Listed as a gin palace as far back as 1829, the Princess Victoria in Shepherds Bush is keeping the spirit of its former vocation alive. Representing the new wave of bars and pubs which promote craft gin and thoughtful flavours, the team at the Princess Victoria create infusions on the premises using homegrown herbs and their own pocket sized still. We spoke to bar manager Adam Smith about the increasing popularity of craft gin and how one goes about the distilling process. Today’s flavour? Tea: ‘There’s nothing more British than Earl Grey tea and gin!’
Tell us a bit more about the current popularity of gin
It’s a great resurgence - some people have actually said it’s probably the beginnings of the second London gin craze.
You're talking about the gin craze back in the 18th century?

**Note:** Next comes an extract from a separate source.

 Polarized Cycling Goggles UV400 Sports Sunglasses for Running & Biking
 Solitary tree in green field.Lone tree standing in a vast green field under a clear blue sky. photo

Yeah, the first gin craze was 1727 - 1757, and it basically nearly destroyed England. It’s because gin was such a bad product at that point, there was no regulation, nothing at all. Anyone could make it - and anyone did make it! It was recorded that 8 out of 10 hospitable buildings had a gin still in them, and were distilling. Eventually the government started to crack down, and made the Gin Acts. Over the course of fifty years these basically quelled the production of gin. One of the last gin acts to be passed made the minimum still size 1800 litres, making gin inaccessible to smaller producers. That ended the London gin craze.